# Pandas

Pandas is a powerful library for data manipulation and analysis in Python. It is widely used in a range of fields, including data science, finance, and statistics.

## 001. DataFrame Importing / Exporting

## 001.000 Assets

Some assets to avoid too much typing

| Name        | Age|
|-------------|----|
| Mbappé      | 23 |
| De Bruyne   | 31 |
| Lewandowski | 33 |
| Benzema     | 34 |
| Messi       | 35 |

In [1]:
import sys
from pathlib import Path

current_dir = Path().resolve()
while current_dir != current_dir.parent and current_dir.name != "katas":
    current_dir = current_dir.parent
if current_dir != current_dir.parent:
    sys.path.append(current_dir.as_posix())

In [2]:
import pandas as pd
import numpy as np
from lib.utils import fresh_df
from IPython.core.interactiveshell import InteractiveShell

pd.set_option('display.max_rows', None)
InteractiveShell.ast_node_interactivity = "all"
names_as_list = ["Mbappé", "De Bruyne", "Lewandowski", "Benzema", "Messi"]
ages_as_list = [ 23,       31,          33,             34,        35]

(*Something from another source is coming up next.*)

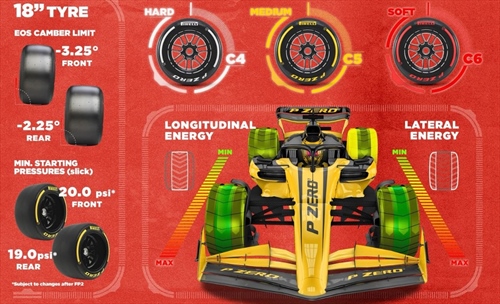 LIVE - Prove Libere 2 GP Monaco 2025 - LIVE - Prove Libere 2 GP Monaco 2025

### 001.001 Dictionary of arrays

1. Replicate this data as a dataframe with a dictionary of arrays, using a constructor, and print it
1. Do the same, but using from_dict
1. Extract the dict out of the df again with to_dict


In [3]:
# solution


### 001.002 List of dictionaries

1. Create a list where every entry is a dict with keys "Name" and "Age", and print
1. Create a df from it
1. Do the same, but using from_records
1. Extract the list out of the df again with to_dict (not to_records). Note that you can actually get a list and not a dict, with the right parameters...


In [4]:
# solution


### 001.003 2D NumPy array

1. Print a NumPy 2D array with the same data as before, but with an extra column for "Last Updated" with a pd.Timestamp, and create a df with it. Make sure the column names are still "Name", "Age", "Last Updated"
1. Update the "Last Updated" column with the current timestamp
1. Convert to a NumPy and print it, proving the timestamp is different


In [5]:
# solution


### 001.004 Pandas Series

1. Create two pandas series from the two lists, and then concatenate them into a df. Make sure the column names are still "Name" and "Age"
1. Do the same thing, but differently - this time mae sure the names are already in the Series

In [6]:
# solution


### 001.005 SQL (sqlite)

1. Create a DataFrame by reading from table 'players' in SQLite DB "001.005.sqlite" with the built-in SQLite module. Note that the index column is called 'id'
1. Change the Last Updated column to the current timestamp in the DataFrame. Write the updated DataFrame data to the database. HINT: Make sure you tell the function to use the 'id' column for indices
1. Load the data again in a new DataFrame, and confirm it's same as for step (1) except for the timestamp



In [7]:
# solution


### 001.006 SQL (sqlalchemy)

1. Replicate 001.005 but use sqlalchemy to connect to the DB

(Note: you will probably get warnings, but you can ignore them)

In [8]:
# solution


### 001.007 TSV file

1. Create a DataFrame by reading from TSV file in `data_file`. Note that the index column is called 'id'
1. Change the Last Updated column to the current timestamp in the DataFrame. Write the updated DataFrame data to the same file. HINT: Make sure you tell the function to use the 'id' column for indices
1. Load the data again in a new DataFrame, and confirm it's same as for step (1) except for the timestamp

In [9]:
data_file = "001.007.tsv"
# solution


### 001.008 JSON file

1. Create a DataFrame by reading from JSON file in `data_file`
1. Change the Last Updated column to the current timestamp in the DataFrame. Write the updated DataFrame data to the same file. HINT: Make sure you tell the function to use the 'id' column for indices
1. Load the data again in a new DataFrame, and confirm it's same as for step (1) except for the timestamp. Make sure non ASCII characters are readable

In [10]:
data_file = "001.008.json"
# solution


### 001.009 From a table in an HTML page

1. Create a DataFrame by reading from HTML file in `data_file`. Use beautifulsoup flavor. Note that the column ID is called "ID"
1. Change the Last Updated column to the current timestamp in the DataFrame. Write the updated DataFrame data to the same file. HINT: Make sure you "flatten" the indices, because `to_html` writes two rows for the headers exactly as you see in the output
1. Load the data again in a new DataFrame, and confirm it's same as for step (1) except for the timestamp

In [11]:
data_file = "001.009.html"
# solution


### 001.010 Markdown

(requires the tabulate package)

1. There is no read_markdown method. Use the generic method to load tabular data, making sure that
   1. It is aware of | as delimiter
   1. It handles the index as the 1st (zero-based) column
   1. It treates the 1st and last delimiters as _separators_, meaning it puts an empty column either side. Remove them
   1. It treats the `------` row as a normal data row. Remove it
1. There is a to_markdown, method, but it doesn't write to a file like the similarly named ones. You'll have to do it old-school
   1. Overwrite `Last Updated` with the current timestamp
   1. Write a file using the output of to_markdown, using the 'github' table format
1. Reload the table again and prove it was overwritten correctly



In [12]:
data_file = "001.010.md"
# solution